Here is what it means for your fund, in plain English.

What is Division 296 tax?

Division 296 is an additional tax on superannuation earnings for individuals with a total super balance (TSB) above $3 million. It applies on top of the existing 15% tax your fund already pays on earnings.

The rates work as follows:

Total Super Balance

Additional Division 296 Tax

Effective Tax Rate on Earnings Above the Threshold

$3 million - $10 million

15%

30%

Above $10 million

25%

40%

Example
Take a member with a $4.2 million total super balance at 30 June 2027 and $210,000 in earnings for the year.

  • The first $3 million remains taxed at the standard 15% fund rate.

  • The extra $1.2 million (roughly 28.6% of the balance) attracts the additional 15% Division 296 tax. Extra tax for the year is approximately $9,000 (the exact amount depends on how the ATO attributes earnings, but this gives you a realistic sense).

This means the effective tax rate on earnings above $3 million rises from 15% to 30%. Above $10 million, it rises to 40%.

Both thresholds will be indexed to CPI - the $3 million threshold in $150,000 increments and the $10 million threshold in $500,000 increments. This is a meaningful change from the original proposal, which had no indexation at all.

When does it actually kick in?

The tax applies to earnings from 1 July 2026 onward. The first ATO assessments will arrive after 30 June 2027, once the ATO has the data it needs to calculate each individual's liability. Assessments are generally due 84 days after the notice is issued.

One important point on the first year: for 2026-27 only, the ATO will assess your Division 296 liability based on your TSB at 30 June 2027 - not your opening balance on 1 July 2026. From 2027-28 onward, the higher of your opening or closing balance will be used. This matters if you are considering withdrawing funds to reduce your balance.

Does it apply to SMSFs specifically?

Yes - Division 296 applies whether your super is held in an SMSF, an industry fund, or a retail fund. It is a personal tax assessed to the individual, not the fund itself.

However, there is a significant and time-sensitive opportunity available exclusively to SMSF trustees that members of large funds do not have access to.

The CGT cost base election - what it is and why it matters

SMSF trustees can make a once-off, irrevocable election to reset the cost base of all fund assets to their market value as at 30 June 2026. This election is made at the fund level, meaning it applies to all assets - you cannot select individual assets.

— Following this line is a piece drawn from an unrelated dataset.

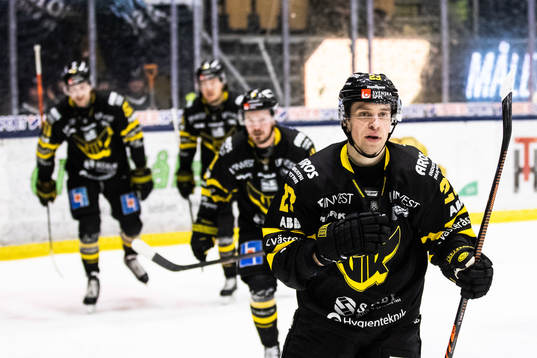 Västerås Sakari Salminen jublar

What this means in practice: if your SMSF holds a commercial property purchased in 2012 for $800,000 that is now worth $1.5 million, opting in means future capital gains for Division 296 purposes will be calculated from the $1.5 million market value at 30 June 2026 - not the original $800,000 purchase price. The growth already built up before the tax started will not be counted.

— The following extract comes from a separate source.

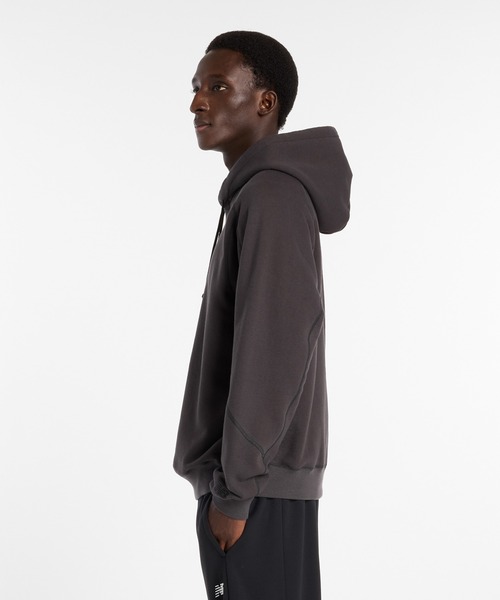 NEW BALANCE(ニューバランス)の「NB GREY レギュラーフィットフーディ(パーカー・メンズ・スミクロ/サンドグレー・SMALL/MEDIUM/LARGE/X-LARGE/XX-LARGE)」の3枚目の写真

This does not affect how your fund's regular CGT is calculated. It is an adjustment for Division 296 purposes only.

Any SMSF can make this election - even funds with no members currently above $3 million. If a member's balance could exceed $3 million in the future, opting in now locks in the relief. The election must be made by the due date for lodging the fund's 2026-27 annual return.

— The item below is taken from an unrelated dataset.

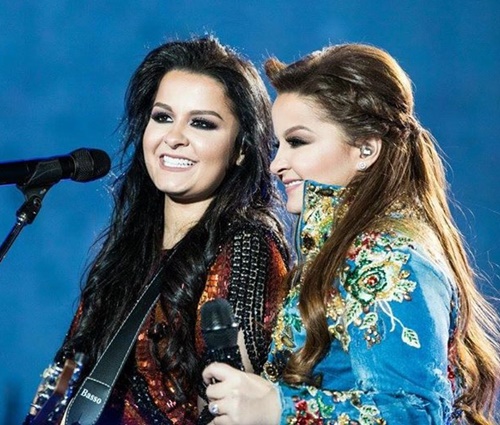Dupla tem rodado o Brasil e chega a fazer 31 shows por mês (Reprodução/Facebook)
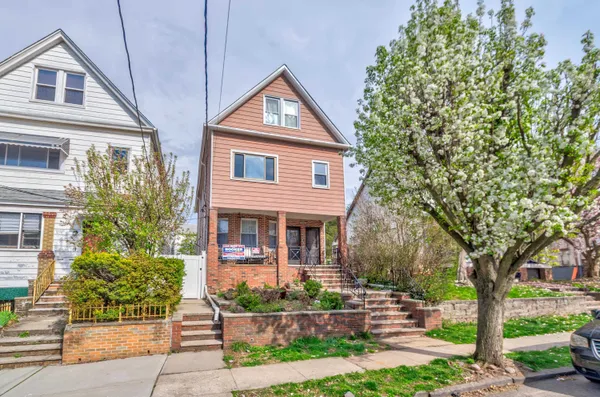 $2,500 | 142 Humphrey Avenue, Unit 2, Bayonne, NJ 07002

This is not a decision to make without advice. Opting in means opting in for all assets, including any currently in a loss position. For most funds holding property and shares with significant unrealised gains, the election is worth considering. For funds with assets below their purchase price, the calculation is more complex.

What trustees should consider doing before 30 June 2026

If your TSB is above or approaching $3 million, there are three things worth raising with your accountant or adviser before the end of this financial year:

First, obtain current market valuations for all assets in your fund - particularly property and unlisted investments. These valuations establish the cost base for the CGT election, and the ATO expects them to be accurate and supported by objective evidence.

Second, model your Division 296 liability based on realistic earnings projections for 2026-27. Understanding what the tax will actually cost you, rather than fearing the worst, allows for informed decision-making about whether withdrawals, restructuring, or the CGT election actually makes sense for your circumstances.

Third, discuss the CGT cost base election specifically. This is an irrevocable decision with a hard deadline. Missing it means forfeiting relief on decades of capital growth already built up inside your fund.

This article is for educational purposes only and does not constitute financial advice. Always consult a licensed financial adviser or SMSF specialist before making decisions about your fund.